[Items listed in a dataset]
══════
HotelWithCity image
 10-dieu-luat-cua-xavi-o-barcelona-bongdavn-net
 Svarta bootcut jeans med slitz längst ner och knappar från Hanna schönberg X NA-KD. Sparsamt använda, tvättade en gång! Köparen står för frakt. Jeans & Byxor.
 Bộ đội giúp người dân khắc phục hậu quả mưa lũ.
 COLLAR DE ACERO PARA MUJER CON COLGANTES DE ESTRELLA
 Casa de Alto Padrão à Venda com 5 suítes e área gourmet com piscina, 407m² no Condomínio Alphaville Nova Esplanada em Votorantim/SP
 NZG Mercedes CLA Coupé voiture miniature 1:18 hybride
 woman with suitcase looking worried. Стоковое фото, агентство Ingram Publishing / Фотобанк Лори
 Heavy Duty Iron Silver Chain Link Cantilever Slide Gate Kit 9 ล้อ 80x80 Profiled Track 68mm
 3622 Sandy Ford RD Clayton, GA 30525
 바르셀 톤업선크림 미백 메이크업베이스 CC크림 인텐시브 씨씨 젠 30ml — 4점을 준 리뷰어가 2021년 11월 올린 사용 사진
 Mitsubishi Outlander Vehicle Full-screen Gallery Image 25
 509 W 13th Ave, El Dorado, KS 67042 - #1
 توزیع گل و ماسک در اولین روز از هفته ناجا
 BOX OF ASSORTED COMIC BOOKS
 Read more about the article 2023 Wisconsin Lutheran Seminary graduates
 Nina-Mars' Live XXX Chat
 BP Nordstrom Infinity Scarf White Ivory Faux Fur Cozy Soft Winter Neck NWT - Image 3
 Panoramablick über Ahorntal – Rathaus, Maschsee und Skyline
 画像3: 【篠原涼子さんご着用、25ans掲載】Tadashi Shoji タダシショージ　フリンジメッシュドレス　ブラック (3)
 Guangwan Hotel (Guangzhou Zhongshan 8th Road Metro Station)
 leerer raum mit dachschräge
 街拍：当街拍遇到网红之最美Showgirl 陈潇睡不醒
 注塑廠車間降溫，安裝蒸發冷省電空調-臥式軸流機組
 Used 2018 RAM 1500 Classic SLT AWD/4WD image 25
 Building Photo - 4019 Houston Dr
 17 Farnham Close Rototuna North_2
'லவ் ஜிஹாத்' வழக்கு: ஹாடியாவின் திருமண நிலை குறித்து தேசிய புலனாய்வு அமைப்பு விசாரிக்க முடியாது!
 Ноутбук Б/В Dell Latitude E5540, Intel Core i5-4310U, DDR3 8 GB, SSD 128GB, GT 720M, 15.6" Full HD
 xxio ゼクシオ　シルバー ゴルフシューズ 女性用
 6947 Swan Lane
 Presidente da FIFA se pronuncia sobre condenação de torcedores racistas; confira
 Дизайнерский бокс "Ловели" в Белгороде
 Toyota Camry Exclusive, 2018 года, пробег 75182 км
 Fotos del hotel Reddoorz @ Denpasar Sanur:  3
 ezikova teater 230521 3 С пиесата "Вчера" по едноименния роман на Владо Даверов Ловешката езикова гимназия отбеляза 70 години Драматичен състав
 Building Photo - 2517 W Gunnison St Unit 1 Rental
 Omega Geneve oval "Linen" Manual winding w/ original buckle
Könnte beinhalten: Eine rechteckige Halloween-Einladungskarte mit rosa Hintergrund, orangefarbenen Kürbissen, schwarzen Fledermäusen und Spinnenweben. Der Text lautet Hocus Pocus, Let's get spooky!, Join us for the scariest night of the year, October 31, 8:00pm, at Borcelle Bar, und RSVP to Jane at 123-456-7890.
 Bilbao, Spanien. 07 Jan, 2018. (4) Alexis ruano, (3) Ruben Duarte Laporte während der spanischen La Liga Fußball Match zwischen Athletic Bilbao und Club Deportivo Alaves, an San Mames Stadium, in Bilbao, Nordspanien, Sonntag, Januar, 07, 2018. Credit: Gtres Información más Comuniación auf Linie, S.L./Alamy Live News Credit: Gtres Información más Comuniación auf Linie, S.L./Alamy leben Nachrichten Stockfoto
══════
» INSTRUCTIONS TO FOLLOW:
Go to the line with "Ноутбук Б/В Dell" in the entries above and repeat every line from there through the line with "Könnte beinhalten: Eine", exactly and with no other text.

» FINISHED TASK:
 Ноутбук Б/В Dell Latitude E5540, Intel Core i5-4310U, DDR3 8 GB, SSD 128GB, GT 720M, 15.6" Full HD
 xxio ゼクシオ　シルバー ゴルフシューズ 女性用
 6947 Swan Lane
 Presidente da FIFA se pronuncia sobre condenação de torcedores racistas; confira
 Дизайнерский бокс "Ловели" в Белгороде
 Toyota Camry Exclusive, 2018 года, пробег 75182 км
 Fotos del hotel Reddoorz @ Denpasar Sanur:  3
 ezikova teater 230521 3 С пиесата "Вчера" по едноименния роман на Владо Даверов Ловешката езикова гимназия отбеляза 70 години Драматичен състав
 Building Photo - 2517 W Gunnison St Unit 1 Rental
 Omega Geneve oval "Linen" Manual winding w/ original buckle
Könnte beinhalten: Eine rechteckige Halloween-Einladungskarte mit rosa Hintergrund, orangefarbenen Kürbissen, schwarzen Fledermäusen und Spinnenweben. Der Text lautet Hocus Pocus, Let's get spooky!, Join us for the scariest night of the year, October 31, 8:00pm, at Borcelle Bar, und RSVP to Jane at 123-456-7890.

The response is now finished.